La cuestión de la propiedad pública del sistema eléctrico ha estado presente en las discusiones sobre transición energética en el Estado español. Se han formulado propuestas para avanzar hacia la municipalización de la distribución eléctrica. Y se han señalado las limitaciones de que una empresa municipal como Barcelona Energía se dedique únicamente a la comercialización de electricidad. Sin embargo, parece que durante los últimos años este elemento ha estado mayoritariamente ausente.

Desde las posiciones de pretendida realpolitik climática, se trata la cuestión de la propiedad pública como un fetiche ideológico: como un capricho demasiado complicado de conseguir ahora mismo y, por tanto, del que es mejor desprenderse para no ralentizar la urgente transición energética. Desde la crítica a los megaproyectos, se denuncian las colaboraciones público-privadas, pero las propuestas alternativas se suelen reducir a pequeños proyectos de comunidades energéticas y autoconsumo. Ambas respuestas son insatisfactorias y no logran resolver los obstáculos descritos en torno a las dinámicas de inversión.

Dicho de forma clara: es una desgracia que el capital privado no esté a la altura de desarrollar la transición energética. Esa incapacidad nos empuja hacia la catástrofe climática, mientras los gobiernos apenas tienen herramientas para actuar y las alternativas locales no logran alcanzar una escala mínimamente relevante. En este escenario, la propiedad pública aparece como condición de posibilidad para tomar el control de la transición energética, disciplinar al capital privado y desarrollar procesos de planificación y participación democrática en el territorio. Sin ella, el mercado y la competencia solo generarán un proceso insuficiente, lento e injusto. Sin ella, no podremos planificar la necesaria reducción de la demanda energética combinada con el aumento de la generación renovable.

La propiedad pública es condición de posibilidad para tomar el control de la transición energética y planificar democráticamente el futuro.

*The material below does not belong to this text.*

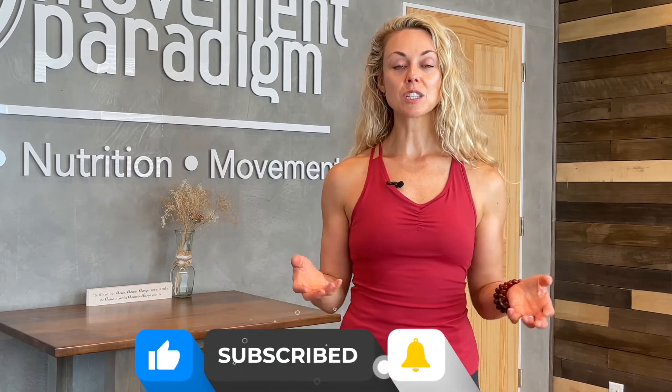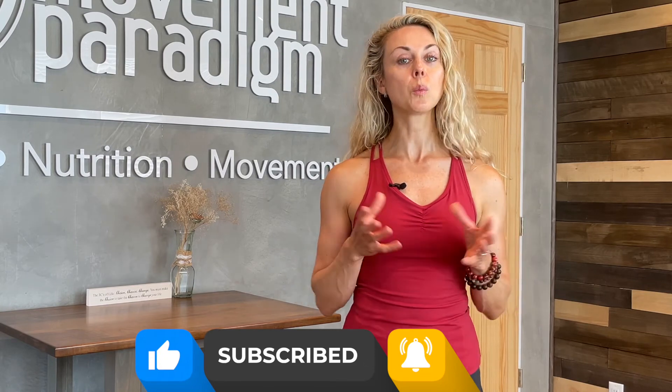As always, thank you so much for joining. If this was helpful, definitely give it a like, give it a share, and make sure to subscribe to our YouTube channel, The Movement Paradigm, for weekly tips on mindset, nutrition, and movement.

Efectivamente, la década en la que nos corresponde actuar políticamente exige que la acción colectiva funcione a una escala atmosféricamente relevante. Por eso debemos desarrollar estrategias políticas que vayan más allá de reducir riesgos y confiar, y más allá de la oposición a proyectos concretos. La propiedad pública no es una varita mágica, pero tiene la virtud de ser una batalla política con suficiente capacidad de agregación y suficiente ambición climática como para ser operativa en los próximos años. Es una herramienta con la que podemos empezar a hacernos cargo de la situación y con la que resituar las discusiones y estrategias políticas. Es una herramienta con la que impulsar una política de clase que altere el régimen de propiedad capitalista. Armar un programa ecosocialista con capacidad de incidir eficazmente en este contexto es el reto que tenemos por delante.